Not sure where this boardwalk belongs, but not here.
We live at the top of this hill; hence, our place was "high and dry".
This is very interesting - all the river rock was deposited here - you can see the distinct line where it stops (above).
All the trees were flattened/buried in the rock.
Here is Joe for scale - so you can see the water pushed material up at least 10 feet on this tree.
The river looks pretty calm tonight and it's starting to get its usual blue-green colour back - a change from the brown mud that it's been the last six weeks or so.
There are also silt deposits further down.
This is the river bank on the south side - Bowness. A lot of the river bank was eroded away and a lot of debris piled up in the trees along the bank.
About a week after the flood, the water is down somewhat - to about the level of a "normal" bad flood year. If you look closely, you'll see these pix are taken over a few days as the level gets a bit lower on succeeding pix.
These are just "nature" shots because I like them.
June 21, 2013
It had been raining and continued to rain, and rain, and rain.
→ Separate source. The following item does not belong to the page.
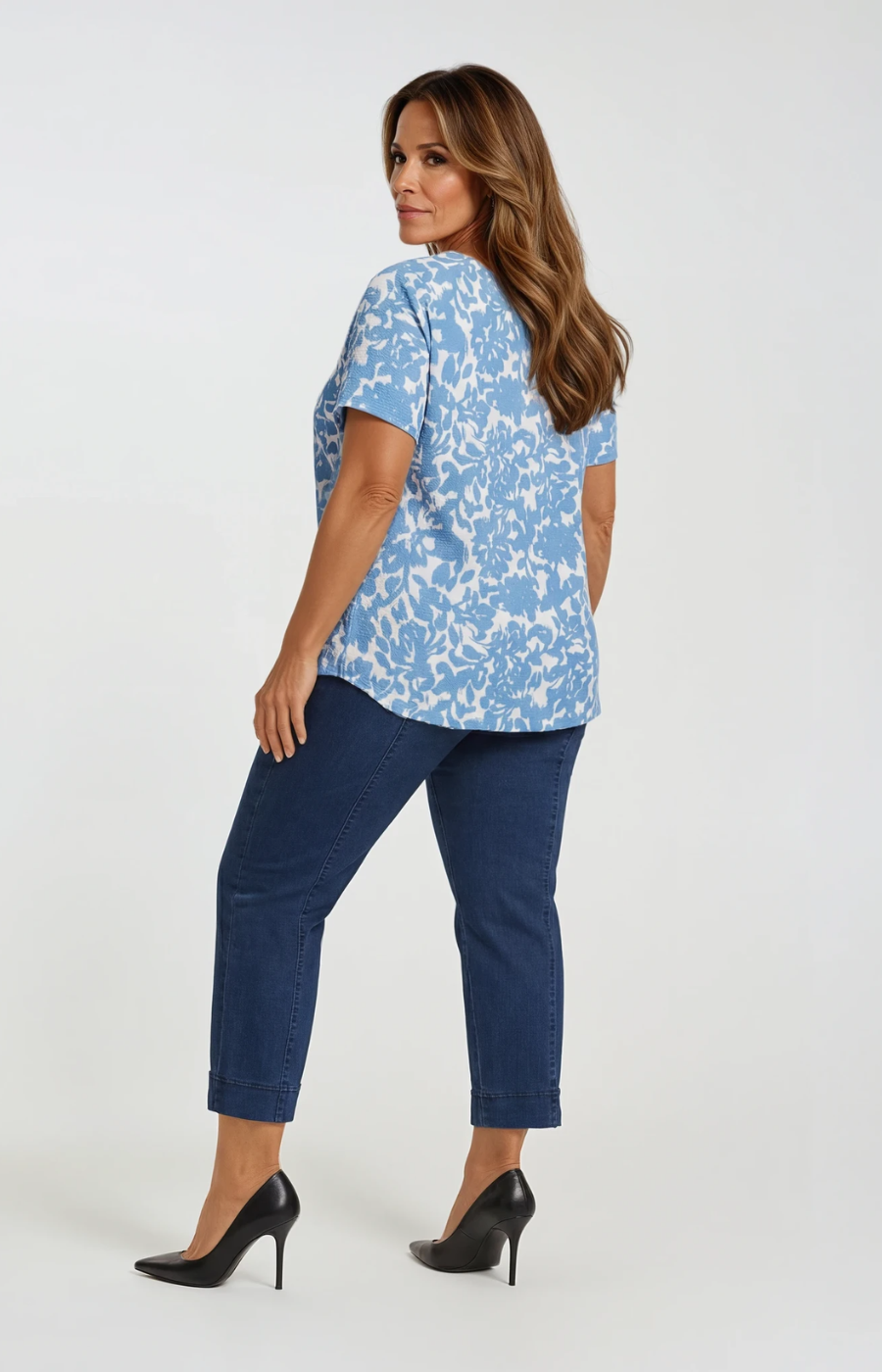 Woman wearing a blue floral blouse and navy pants on a white background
In Calgary and in the mountains. The result: 100 year record floods in the Bow Valley River flood plains and along other rivers in the foothills. In Calgary record flooding with about 10% of Calgarians were evacuated from their homes The city closed off downtown Calgary, which is on the floodplain, so many of us could not get to work for about three work days (Friday, Monday and Tuesday). Some not for over a week.
On June 21, as I was not able to go to work, I was home and decided to walk over to look at the river and see exactly what it looked like. We can see it if we walk about 3 minutes to the park about a block from our house. This is what we saw:
I thought we'd be the only ones out in the pouring rain - but apparently we aren't the only crazy ones - in fact there was actually a line up of vehicles waiting for a parking spot to get a look at the river from a safe vantage point.
This is usually the river and two separate settling ponds. Here they sort of blend together.
Note the train on the bridge. I learned that they park trains on the train bridges to keep the bridges from floating away in flood situations.
Storm water gushing up into the settling pond.
The Mayor declared "the river closed" - always someone...
Normally we enjoy walking around down there looking at the birds.
Hard to see - but across the river, backyards are flooded in Bowness.